--- Aim of the task ---
All of the data that follows is to be written out exactly, with images excluded.

--- Available data ---
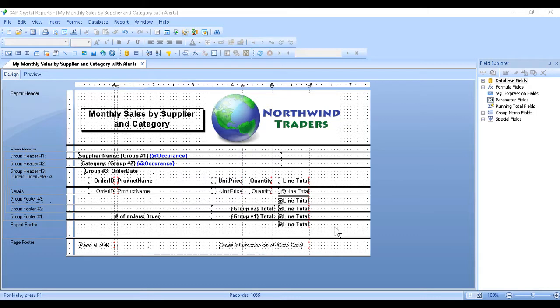Instead of creating exception reports which let us know about numbers being too high or too low, we can use an alert. It takes less setup and can be plugged directly into an already existing report.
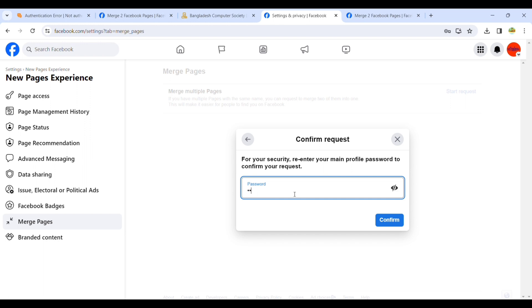But for some reason I want to keep the new one. You put your Facebook password here.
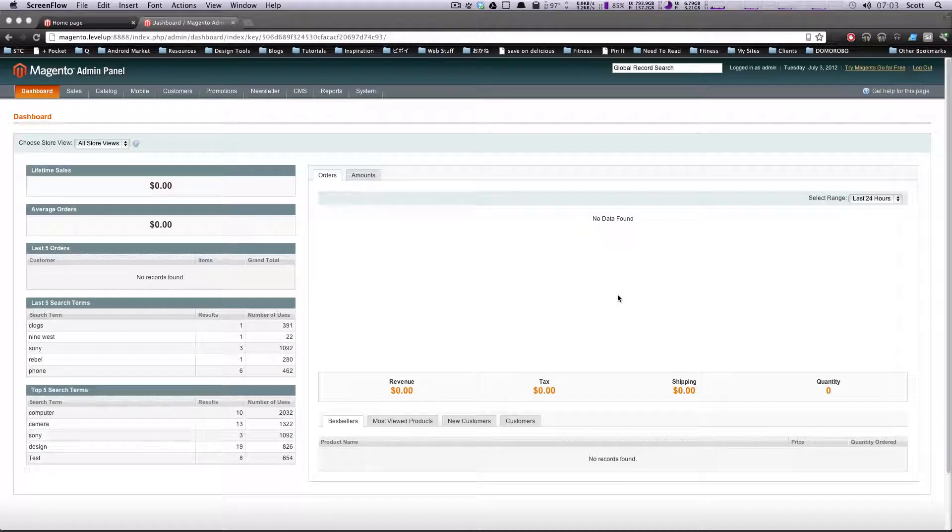Hey what's up, this is Scott with LevelUp Tuts and today I'm going to show you how to create a digital downloadable product for your Magento site.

--- Task result ---
Instead of creating exception reports which let us know about numbers being too high or too low, we can use an alert. It takes less setup and can be plugged directly into an already existing report.
But for some reason I want to keep the new one. You put your Facebook password here.
Hey what's up, this is Scott with LevelUp Tuts and today I'm going to show you how to create a digital downloadable product for your Magento site.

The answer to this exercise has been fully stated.